Nash: Wir hatten die ganze Zeit schon Lust auf Autotune, mussten aber die Umsetzung perfektionieren. Dann hat Zuna einen Riesenschritt gemacht. »Für die Familie« war eigentlich auf einen Trap-Beat gedacht, ist dann aber ganz anders geworden.
Zuna: Aber bevor das alles passiert ist, also vor »Hinter der Rayban«, haben wir uns alle erst mal abgefuckt, weil »Malboro« von Azet nicht rauskam. Der hatte einfach keine Lust mehr darauf. Trotzdem sind wir in den Kosovo geflogen, um Azets erstes Video zu »Koka« zu drehen. Direkt danach ist er in den Knast gekommen, und deswegen haben wir meine Projekte erst mal vorgezogen. Als »Planet Zuna« draußen war, kamen schon die ersten Anrufe von Leuten, die irgendwas wollten: treffen, über Musik reden. Das hat mich motiviert, und dann habe ich innerhalb von einer Woche die »Richtung Paradies«-EP geschrieben. Gleich danach ging’s schon los mit dem Album, ich habe angefangen, auf harte Trapbeats zu schreiben, dann aber auf die Melodie von »Für die Familie« gefreestylt und es direkt besser gefunden.

Yacine, wann bist du dann das erste Mal mit den anderen ins Studio gegangen?
Miami Yacine: Das war, bevor »Fast Life« veröffentlicht wurde. Im Juli 2016 bin ich zu KMN gestoßen.

Davor warst du in der Dortmunder Szene aktiv, hast dich aber schon früher öffentlich beschwert, dass es dort wenig Support gibt.
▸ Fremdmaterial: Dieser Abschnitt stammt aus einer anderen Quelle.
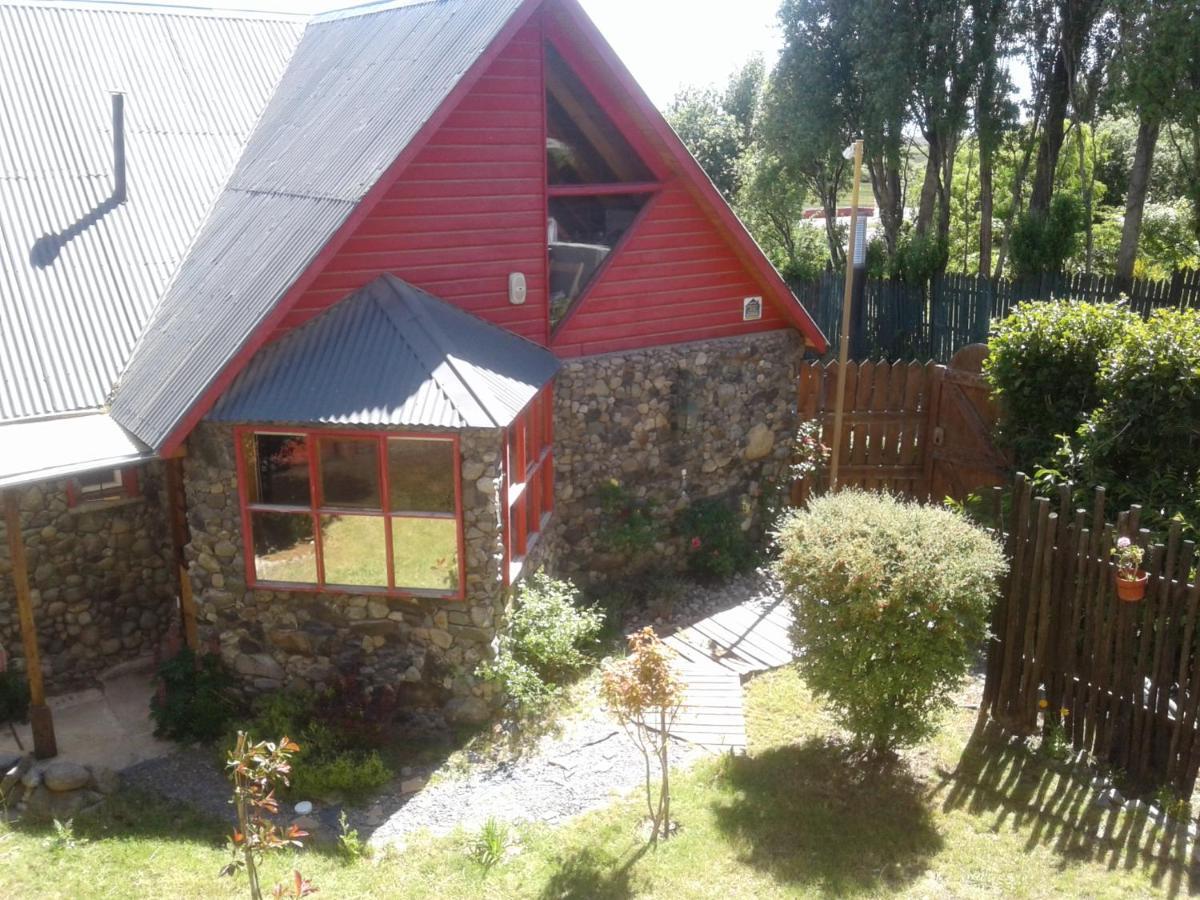Salamandra Apartamentos El Calafate Esterno foto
Warum ist das so?
Dortmund und generell NRW ist ein Ballungszentrum, da gibt es viel Neid und Missgunst, weil da Großstadt an Großstadt liegt. Kaum ein Rapper gönnt dir was. Es war wirklich schwer, sich da durchzusetzen. Dich unterstützt keiner.

Gab es vor den ersten Erfolgen einen ­Moment, an dem ihr frustriert darüber wart, dass eure Musik keine Früchte trägt?
Nash: Nein, gar nicht. Wir waren immer davon überzeugt, dass es klappt. Es war nur die Frage, wann.
Zuna: Du musst einfach besser werden, dann hören die Leute irgendwann auch deine Musik. Wenn du als Künstler nicht selbst davon überzeugt bist, dass du der Beste bist, dann wird’s auch nichts.
Nash: Wir haben die ganze Zeit unseren Style gefahren. Frustration gab es da nicht. Wir sind in den Erfolg irgendwie reingerutscht. Das kam einfach.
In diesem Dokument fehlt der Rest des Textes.